Hmmmm, wie kommst darauf das das grüne zum 7x7 wird, obwohl auf der Packung 7Strand also 1x7 steht?


----------



## Colophonius (28. Juni 2012)

*AW: Welches Stahlvorfach ? Länge etc*

So, habe gerade eine einfache Anleitung gemacht
http://www.anglerboard.de/board/showthread.php?p=3657632#post3657632

Ich hoffe, sie hilft dir


----------



## FranzJosef (28. Juni 2012)

*AW: Welches Stahlvorfach ? Länge etc*

@Colophonius:
Hat's einen bestimmten Grund, warum Clinchknoten bei Mono & nicht auch der Palomar? 
Reines Interesse!
Ich nehm' bei Mono auch den Palomar... *wunder*


----------



## Colophonius (28. Juni 2012)

*AW: Welches Stahlvorfach ? Länge etc*

Also bei Geflochtener nehme ich den Palomar, weil der besser hält, Mono rutscht durch.

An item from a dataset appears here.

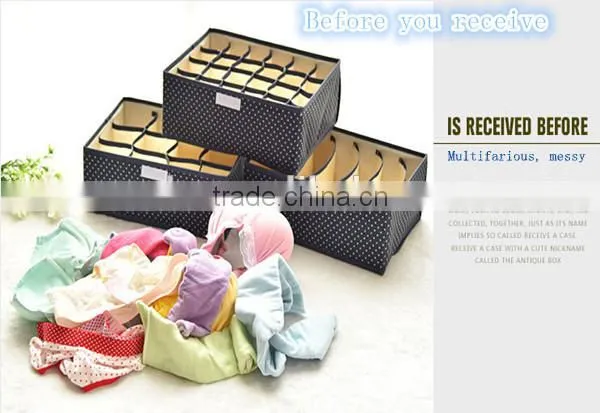YIWU RODA 100% Oxford Fabric Versatile and Durable Folding Storage Box photo-5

Bei Mono hatte ich keine Probleme mit dem Clinch und nehme den einfach aus Gewohnheit...


----------



## Raven1991 (28. Juni 2012)

*AW: Welches Stahlvorfach ? Länge etc*

DANKE für deine Anleitung sehr nice!! =)


ich muss erstmal runter kommen ....deutschland....wtf

#q  #q  #q  #q


----------



## daci7 (2. Juli 2012)

*AW: Welches Stahlvorfach ? Länge etc*



Ein_Angler schrieb:


> Hmmmm, wie kommst darauf das das grüne zum 7x7 wird, obwohl auf der Packung 7Strand also 1x7 steht?



Oha - da hab ich was verwechselt, bitte nicht böse nehmen 
Das "Seven Strand" ist natürlich ein 1x7, das "Soft Strand" war das 7x7.
Bitte um Verzeihung!
#h


----------